Ogbodo, however, expressed bigger worries when he referenced the 2012 flood disaster in parts of the country when similar huge donations were made, but which latter vanished into thin air soon after and victims remained victims while the caregivers became victims and walked away with billions with no questions asked ever since.

“In all of these, where is government responsibility outside creating committees to ambush the COVID 19 budgets?” he asked. “In 2012, committees, and so many of them were created by state governors to ameliorate the sufferings of flood victims after the federal government under President Jonathan had doled out N19 billion to states most affected by the flood. Till date, the victims have remained victims as caregivers degenerated into victims! Elsewhere, governments proclaimed lockdowns in the context of palliatives to citizens and business owners.

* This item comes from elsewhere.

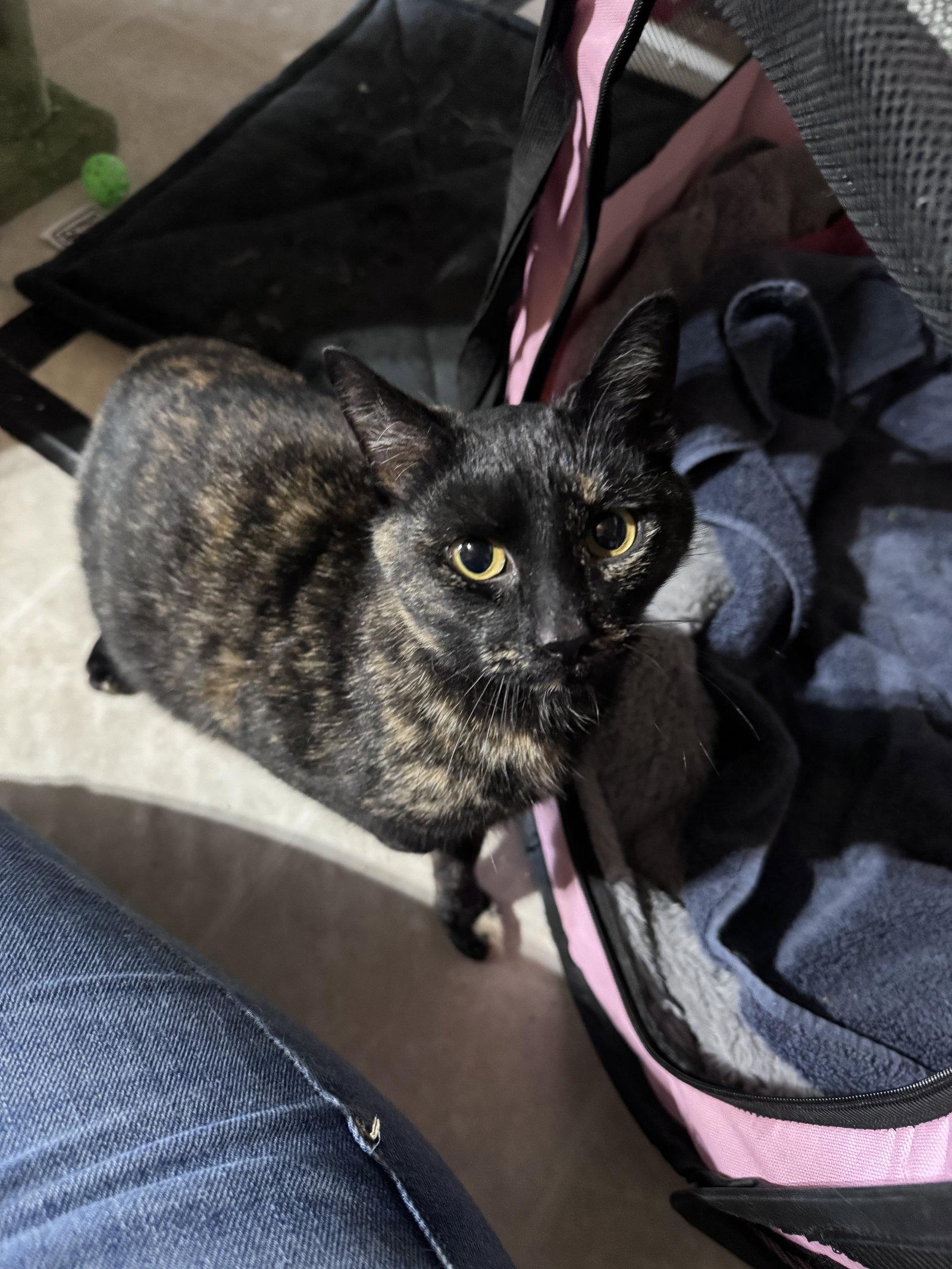 Gigi, a Adoptable Domestic Short Hair in Lake Saint Louis, MO image 2/2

But not so here! “

Ogbodo is emphatic in his summation of what the COVID-19 might do to Nigerians and Africans if perennial greed is not suppressed and drastic measures adopted to check it.

As he put it, “What will kill more in Nigeria, in the final analysis, is incompetent leadership and not COVID 19. In any case, the virus called incompetent leader, which is far more virulent than any ever discovered has been killing us in Africa!”

Last week Peoples Democratic Party (PDP) lent its voice to how the donations should be managed so it achieves the desired results. The party had canvased the setting up of an Eminent Persons Group to handle the donations so they do not disappear, saying it does not trust the President Muhammadu Buhari-led administration to do the right thing.

A social critic and legal practitioner, Mr. Martin Ezimano was categorical in criticising the lockdown was being handled. He also did not spare donors for going through the federal route to announce their donation knowing that it would not get to the intended beneficiaries.

According to him, “It is irresponsible if not, evil system that compels its citizens to stay at home without making provisions to cushion the effects of the order as against standard practices worldwide. They are enablers of evil that noise their donations of billions of naira to ameliorate the sufferings of the people through that same system irresponsible, if not evil, system.

“It is mindless callousness of this nature that drives even the mildest of citizens to resistance and revolt against the unfeeling so-called government. This is this an advice to government to swiftly do the needful to end needless agony of our people. It is also a call to those hypocritical philanthropists misdirecting their people’s assistance to the government to directly channel that much-noised help to the suffering people.”Ezimano suggested that the electricity distribution companies be charged with the responsibility of delivering the palliatives to Nigerians and not only crazy electricity bills for which they have become infamous.